→ What this task involves
Please print out the entries below unchanged and skip the images.

Brief descriptive captions:
• • • • • • •
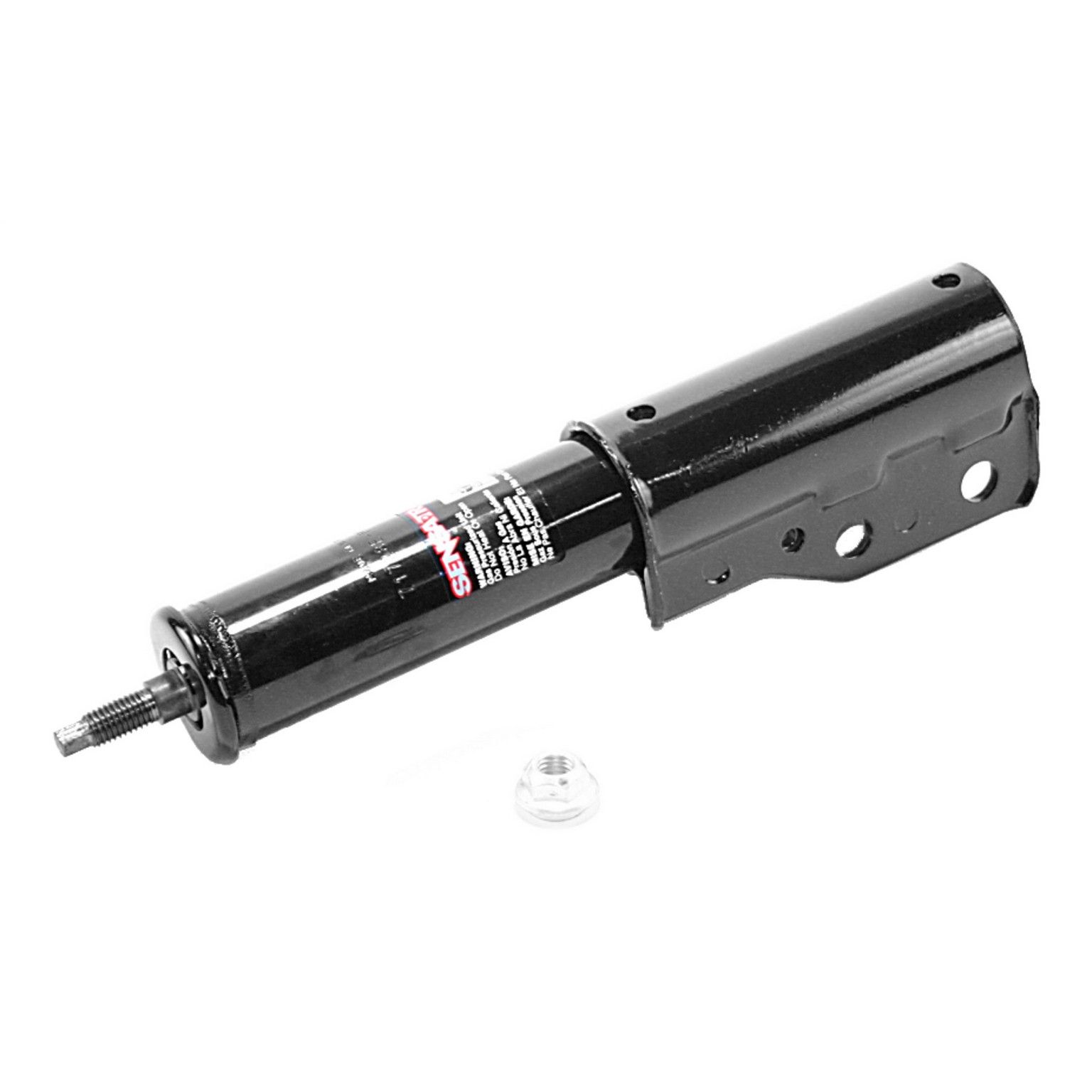 Suspension Strut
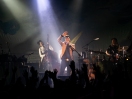 Kishi Bashi at First Avenue in Minneapolis 10/28/19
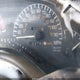 1G2WJ52M4RF304791 1994 Pontiac Grand Prix Se auction photo thumbnail 7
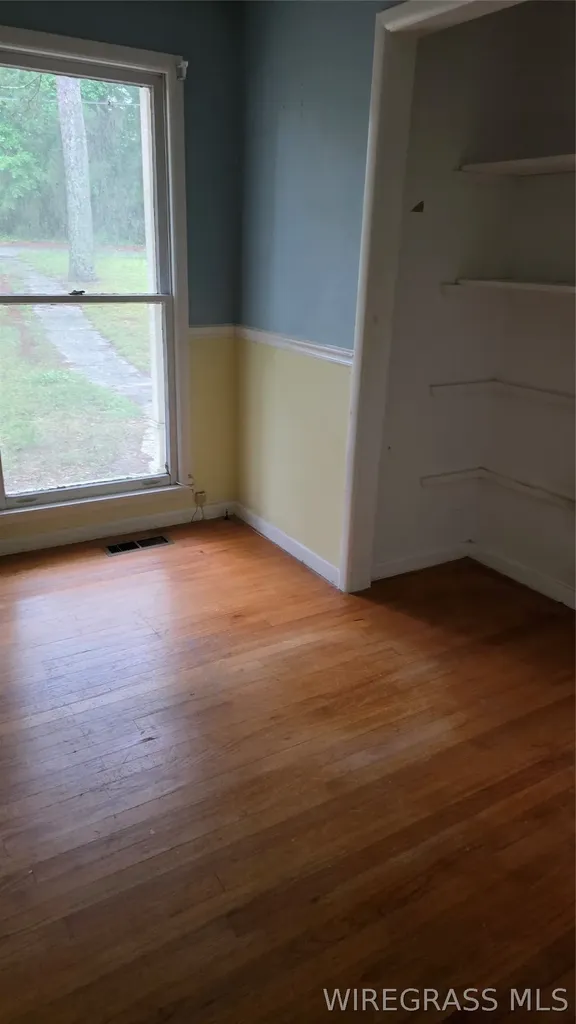 29 Woodland Court Daleville AL 36322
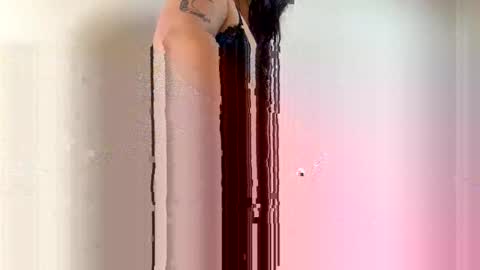 captinsaveahoeee online show from 19, 4, 2026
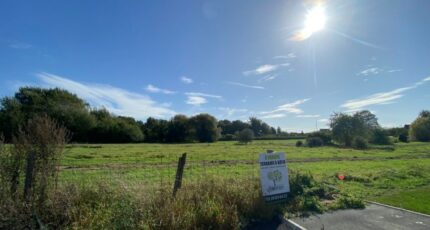 Tourmignies Terrain à bâtir - 2128676-10130annonce120250409S4WWg.jpeg Maisons France Confort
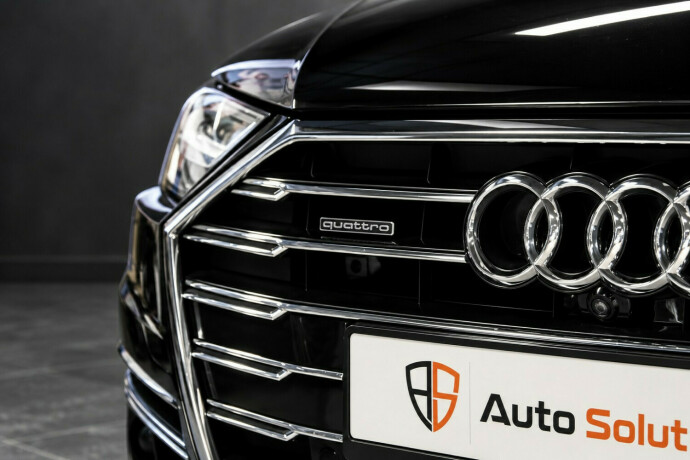 audi-a8-elektrisitetbensin-2018-big-47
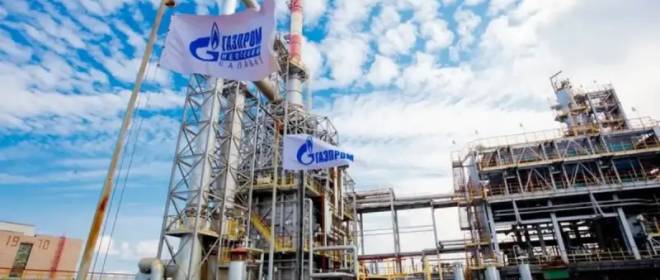 Почему российская нефтепереработка выдерживает налёты ВСУ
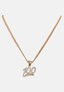 gold_151872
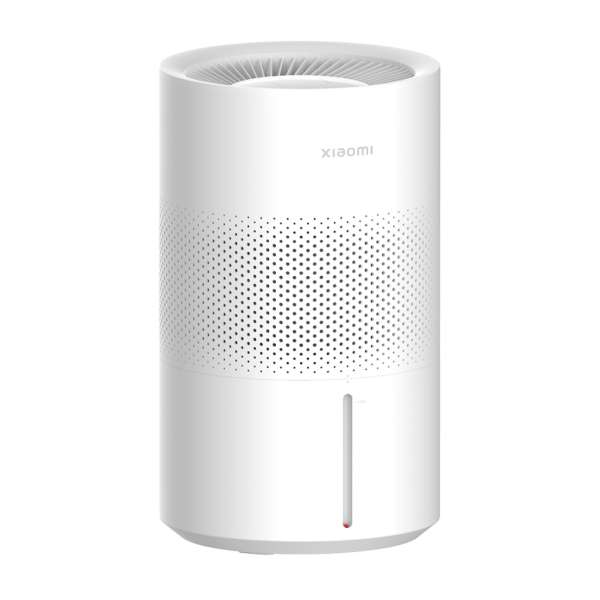 Xiaomi Smart Humidifier Evaporative párologtató párásító 4L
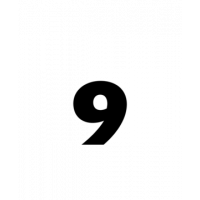 Glyph 561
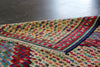 HANDAN / 165 x 110 CM SENEH KILIM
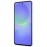 Samsung Smartphone 6.7", Octa Core 2.4GHz, RAM 6GB, 50Mpixel - Galaxy A36 5G 6GB/128GB Lavender
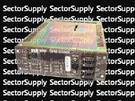 NT7C19AC Nortel Networks MFA-150 1000CH Monitor. Fixed Price $2200.50.
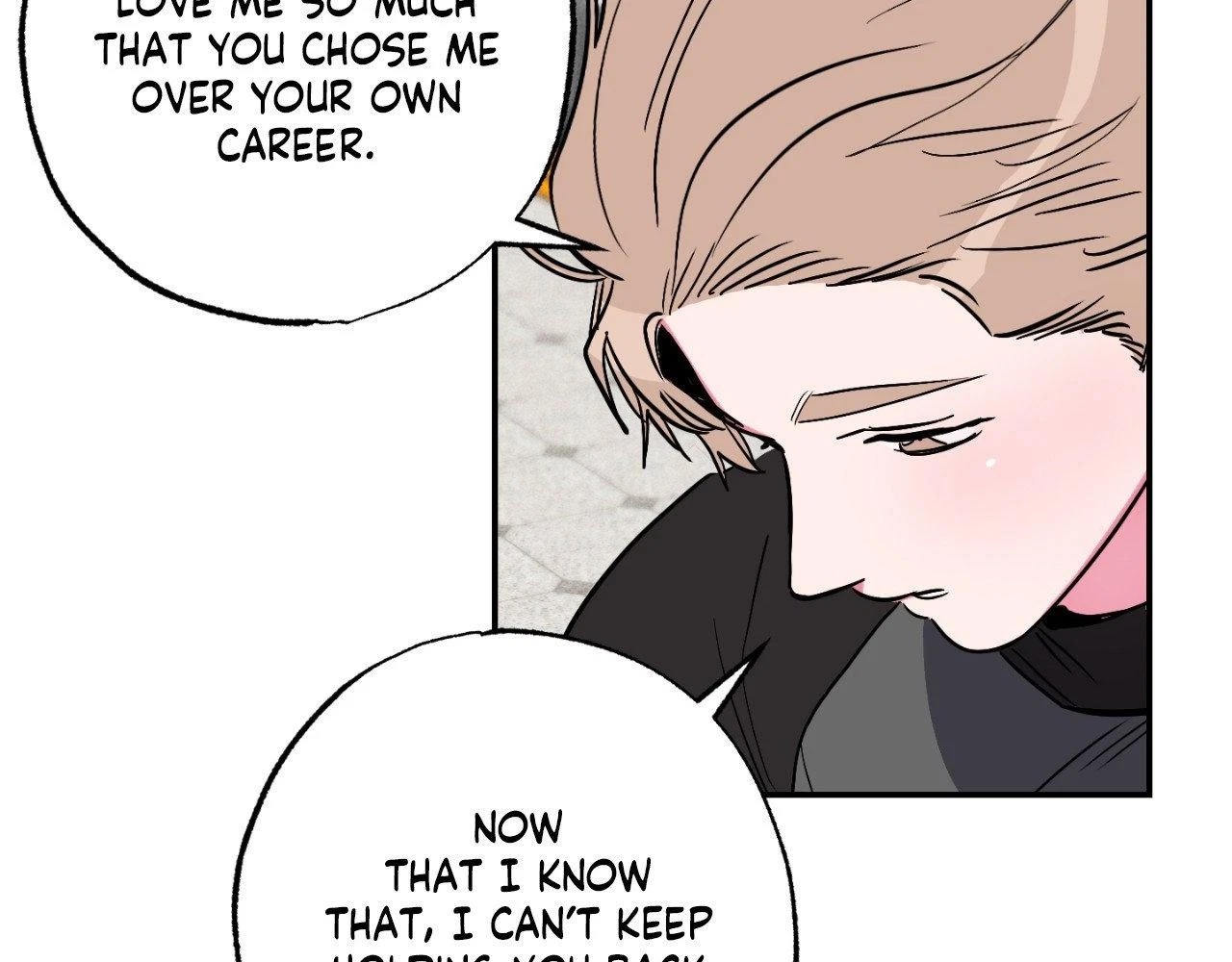 Chapter 41, page 85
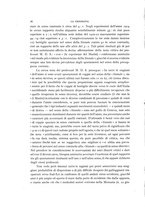 giornale/CFI0355708/1927-1928/unico/00000034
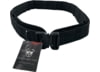 Image of Duty Belts category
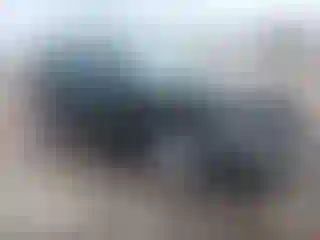Vehicle Image- 2004 Toyota Highlander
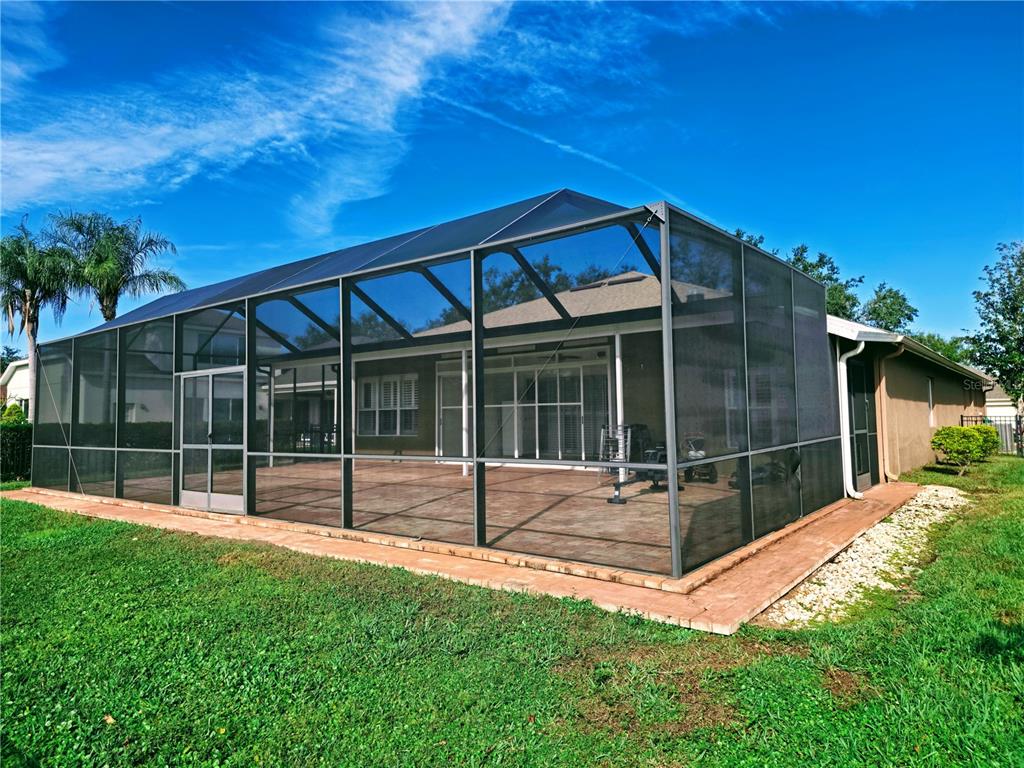 19111 Fern Meadow Loop Lutz, FL 33558 - Photo 5 of 43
• • • • • • •
→ Exercise result
 Suspension Strut
 Kishi Bashi at First Avenue in Minneapolis 10/28/19
 1G2WJ52M4RF304791 1994 Pontiac Grand Prix Se auction photo thumbnail 7
 29 Woodland Court Daleville AL 36322
 captinsaveahoeee online show from 19, 4, 2026
 Tourmignies Terrain à bâtir - 2128676-10130annonce120250409S4WWg.jpeg Maisons France Confort
 audi-a8-elektrisitetbensin-2018-big-47
 Почему российская нефтепереработка выдерживает налёты ВСУ
 gold_151872
 Xiaomi Smart Humidifier Evaporative párologtató párásító 4L
 Glyph 561
 HANDAN / 165 x 110 CM SENEH KILIM
 Samsung Smartphone 6.7", Octa Core 2.4GHz, RAM 6GB, 50Mpixel - Galaxy A36 5G 6GB/128GB Lavender
 NT7C19AC Nortel Networks MFA-150 1000CH Monitor. Fixed Price $2200.50.
 Chapter 41, page 85
 giornale/CFI0355708/1927-1928/unico/00000034
 Image of Duty Belts category
Vehicle Image- 2004 Toyota Highlander
 19111 Fern Meadow Loop Lutz, FL 33558 - Photo 5 of 43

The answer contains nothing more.